Studs Terkel I suppose you could, because you're talking now in terms of the particular--I was going to say, a state. The farm. Now, your husband Herb's folks, four generations now or so, isn't it, the oldest here. And, yet, this area has been surrounded suddenly as it would seem by almost a town superimposed, an artificial community upon it by developers.

Julie Nadelhoffer Yes. And they want the old to go because it stands in the way of progress or maybe we're, we pricked their conscience. We represent older values and we're in their way. They like the land that we're hanging on to, they'd like to get it developed, they'd like to get the assessed valuation.
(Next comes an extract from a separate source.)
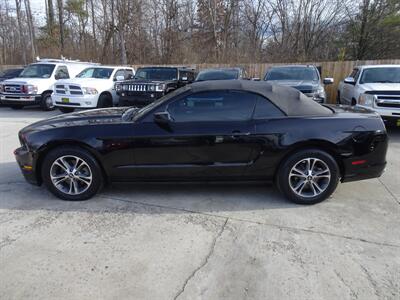 2014 Ford Mustang V6  3.7L V6 RWD - Photo 8 - Cincinnati, OH 45255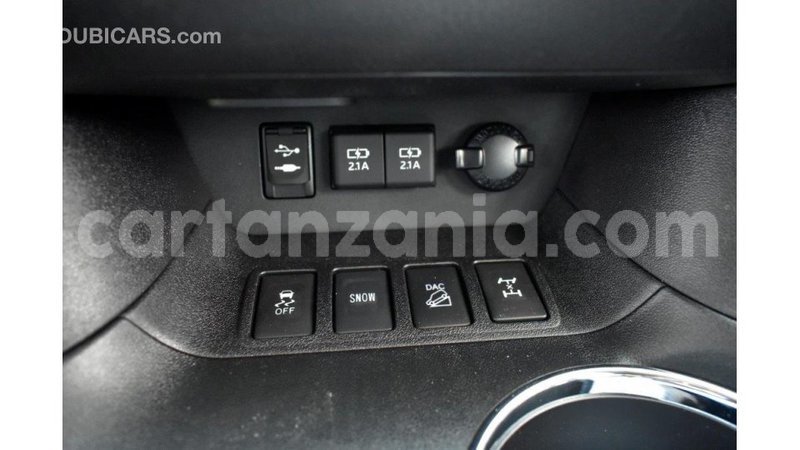 Big with watermark toyota highlander arusha import dubai 7835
Studs Terkel Developed, what does that meant (sic) when they say get it developed, development?

Julie Nadelhoffer Well, when they put houses on the land, then it increased the, increases the assessed valuation, and the more expensive the structure, if it's a house, if it's an expensive house, it gets more assessed valuation, if it's a supermarket that's even more, if it's an industrial plant that's even better, or a high-rise apartment building, that's wonderful because then the people in the community can raise more tax money to operate their schools and to operate the village government and pay the officials and all the, take care of all the services that are necessary for this many people living together. These are things they didn't think about when they came out here for whatever reasons they came rushing pell-mell out.
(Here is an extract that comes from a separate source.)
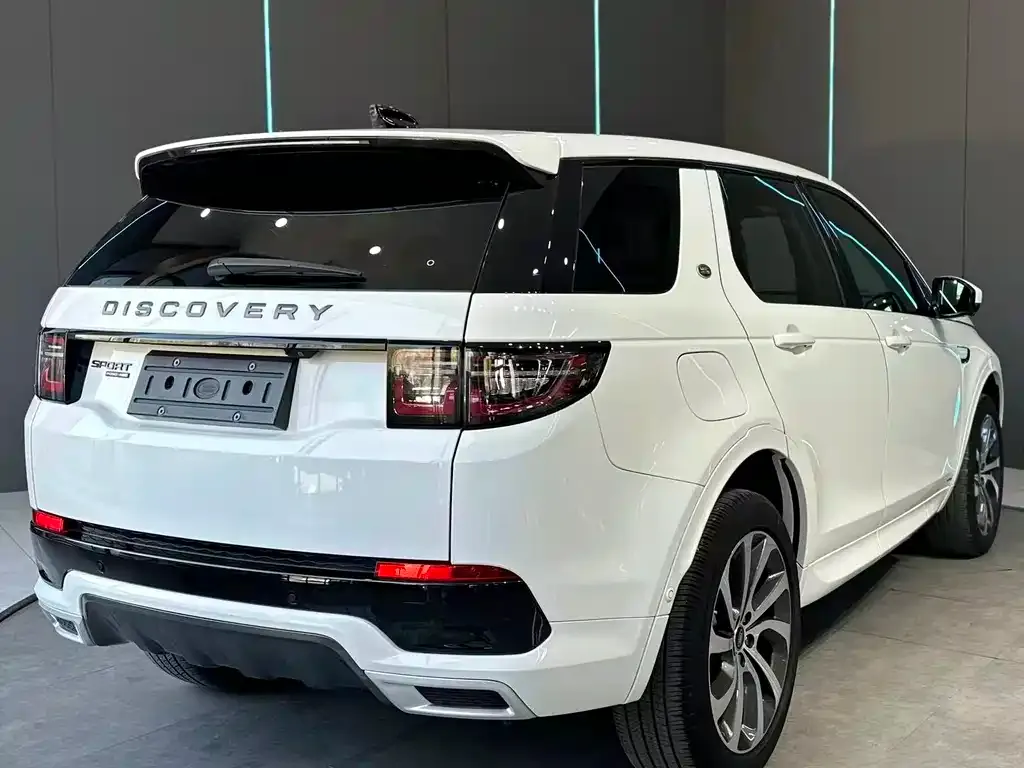 Land Rover Discovery Sport — фото 2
Studs Terkel In contrast to this, these values quote unquote they're talking about on the taxes, money for this, money is the key word, really, money. In contrast, here's this hundred or so acres.

Julie Nadelhoffer Hundred and seventy-seven. And then Herb has talked to the neighboring landowners, so it comes to about 450.

Studs Terkel And what you and Herb have in mind is something else that you talked about, something like an educational park of some sort.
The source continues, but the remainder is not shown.